---- SOURCE RECORDS

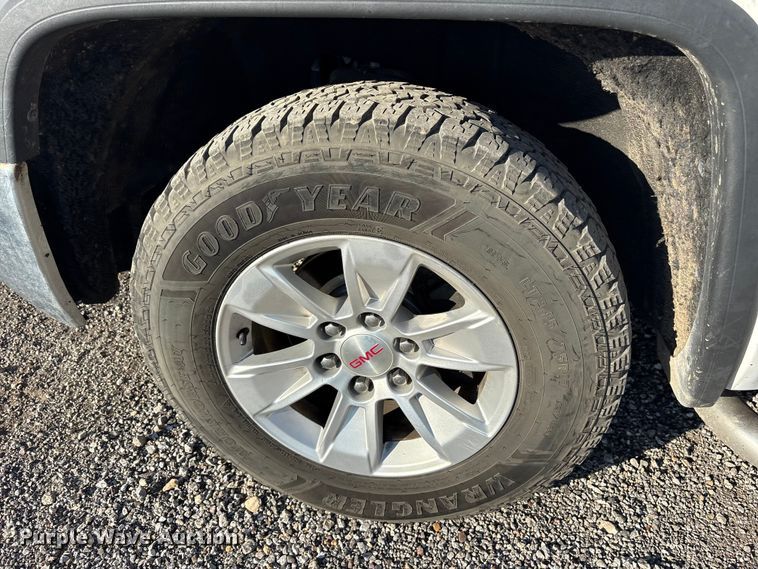 image for item ET7253 2015 GMC Sierra 1500 Double Cab pickup truck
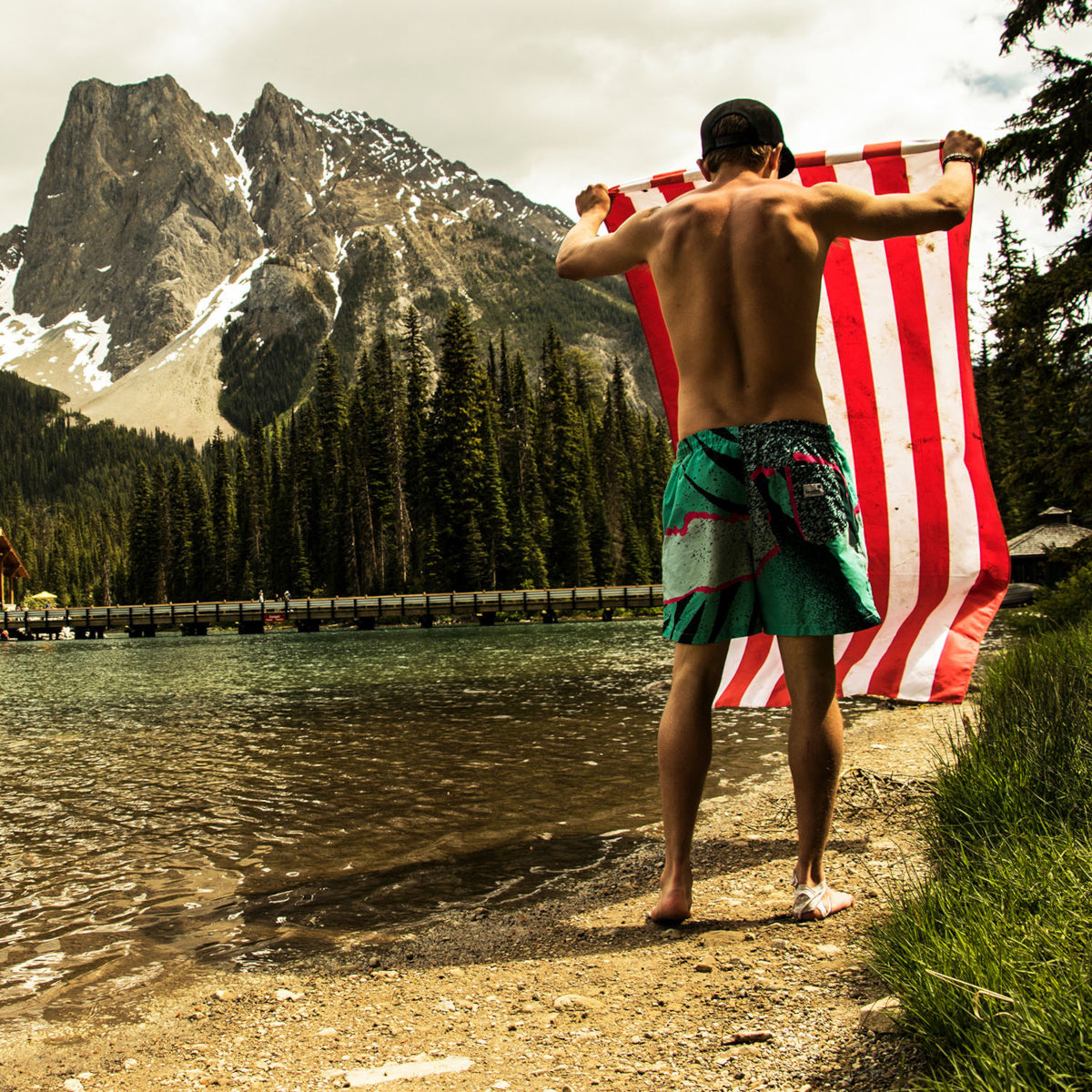 Dock & Bay Beach Towel L Waikiki Coral 160x90cm Lifestyle 3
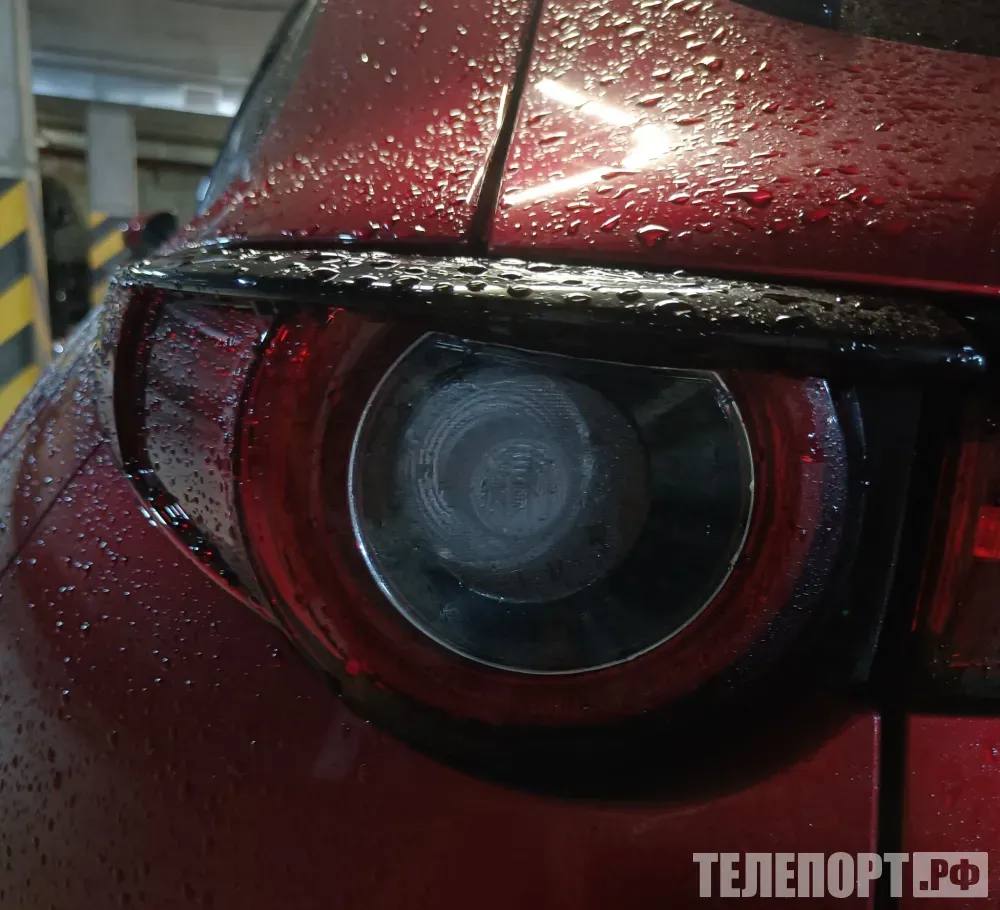 Важные изменения ждут автомобилистов с 1 марта Автомобилистов предупредили о серьезных изменениях с 1 марта С 1 марта в силу вступают ряд изменений касающихся как владельцев автомобилей так и рынка в целом рассказал агентству Прайм Юрий Чистов генеральный директор автомобильного маркетплейса FRESH Важные новации затронут продавцов и покупателей авто Теперь полис ОСАГО не обязательно предъявлять при регистрации купленной машины Это упростит процесс оформления Но ездить без ОСАГО по прежнему нельзя Помимо этого 10 дневный срок на регистрацию авто новым владельцем уходит в прошлое Раньше промедление грозило прежнему хозяину штрафами и проблемами Теперь бывший собственник может подать спокойно заявление о снятии автомобиля с учета почти мгновенно избежав штрафов за правонарушения нового владельца Это значительно облегчает ситуацию избавляя бывших хозяев от неприятных последствий Помимо этого правила подготовки водителей меняются и появляются новые требования к локализации такси Это не значит что на рынок повалят машины из такси с космическим пробегом но при покупке нужно быть внимательнее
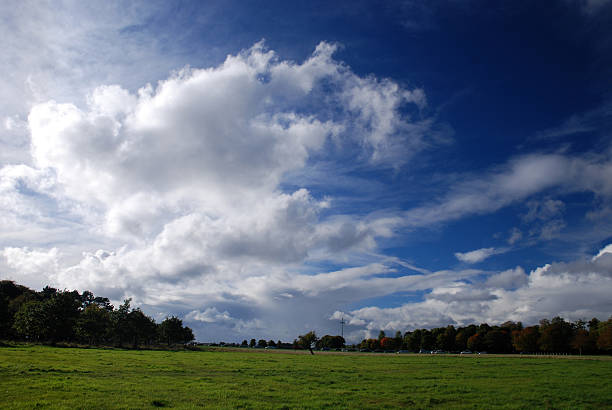 istock Sunny Autumn Day in Ireland 509210971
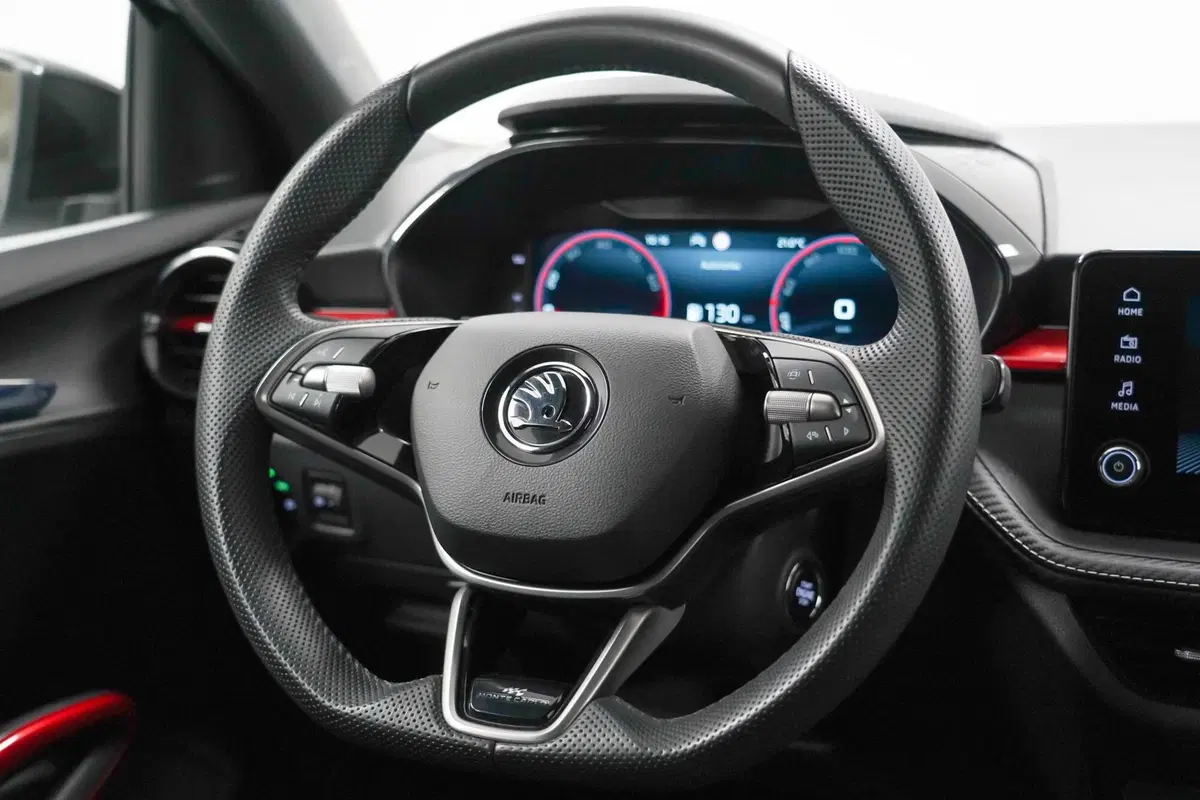Skoda Fabia usata a Varese (12)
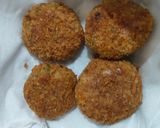 A picture of step 3 of Bread crumbs cutlet.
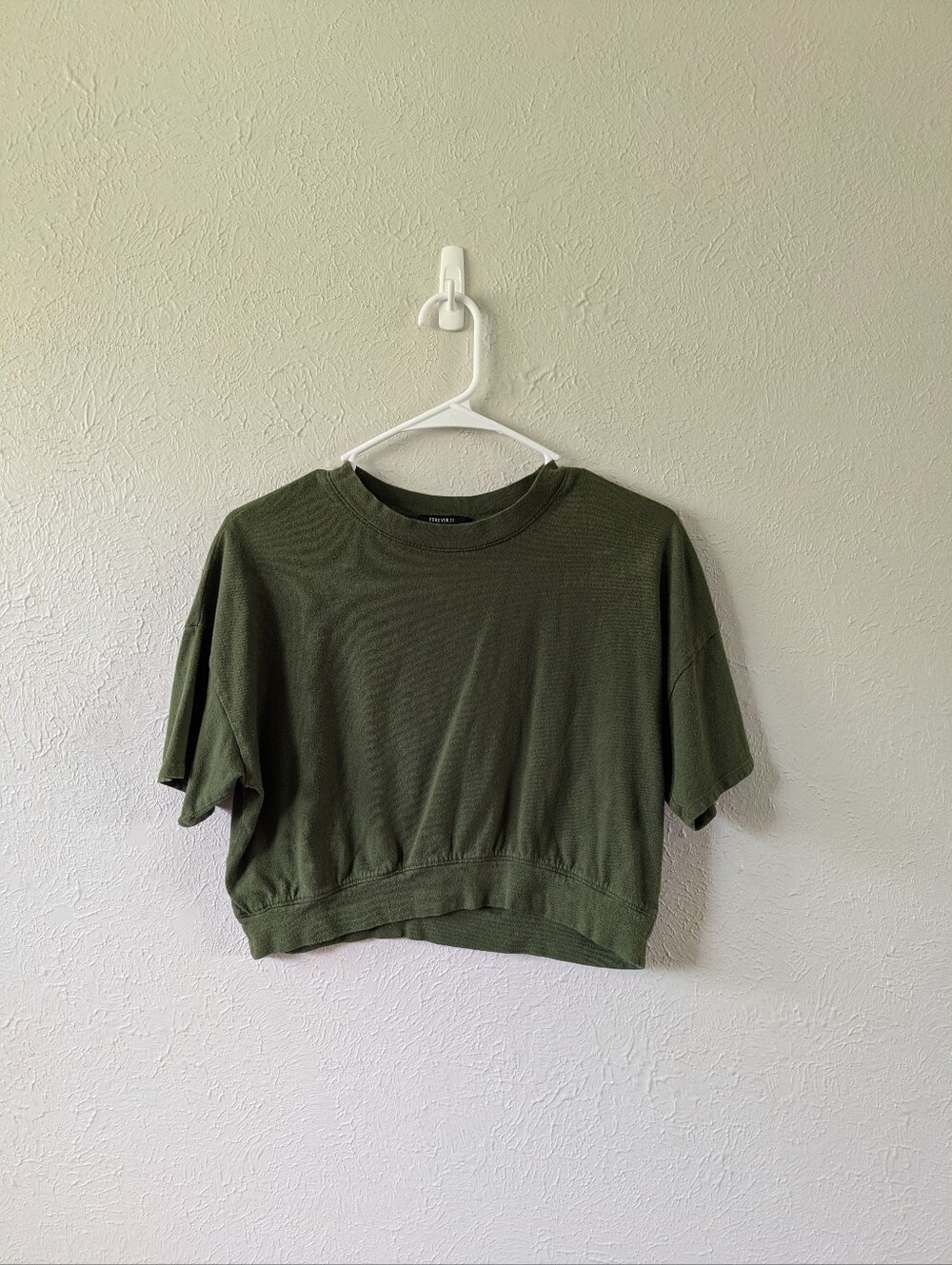 Forever 21 Olive Green Cropped Tee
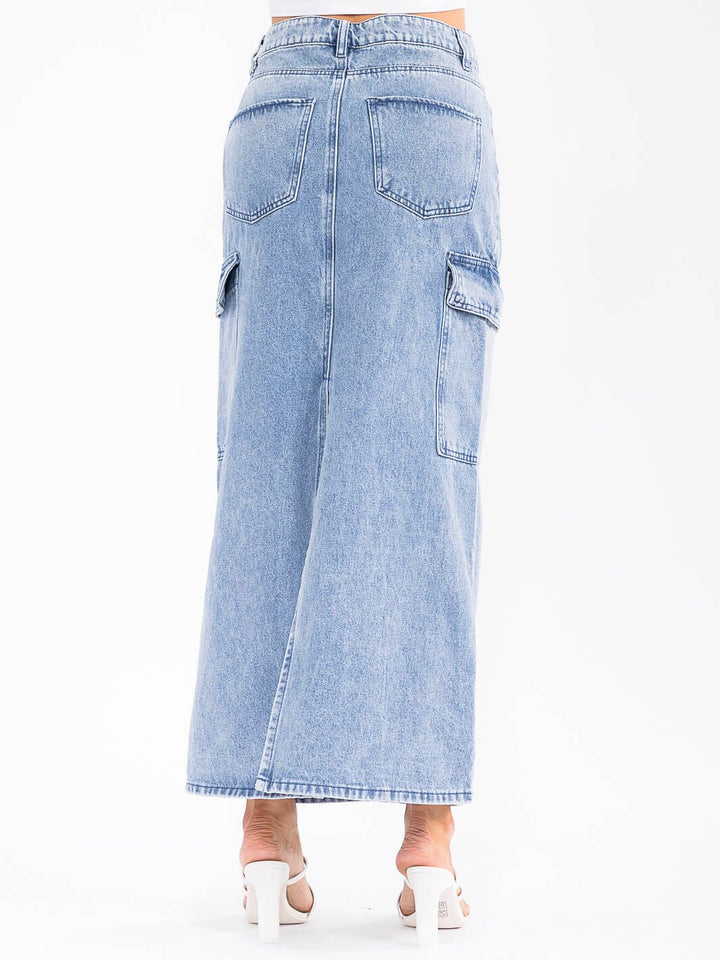 WOMEN'S BUTTON CLOSURE CARGO POCKETS WASHED DENIM MAXI SKIRT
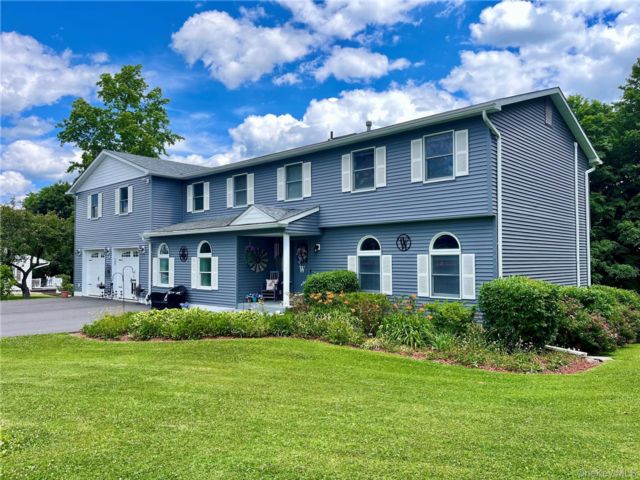  5 BR,  5.00 BTH &nbsp;Colonial style home in New Hampton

--------

◆ WHAT IS NEEDED
An exact copy is needed of the lines from the start of the listing through the line with "Dock & Bay Beach", both end lines included and pictures excluded.

◆ ANSWER BOX
 image for item ET7253 2015 GMC Sierra 1500 Double Cab pickup truck
 Dock & Bay Beach Towel L Waikiki Coral 160x90cm Lifestyle 3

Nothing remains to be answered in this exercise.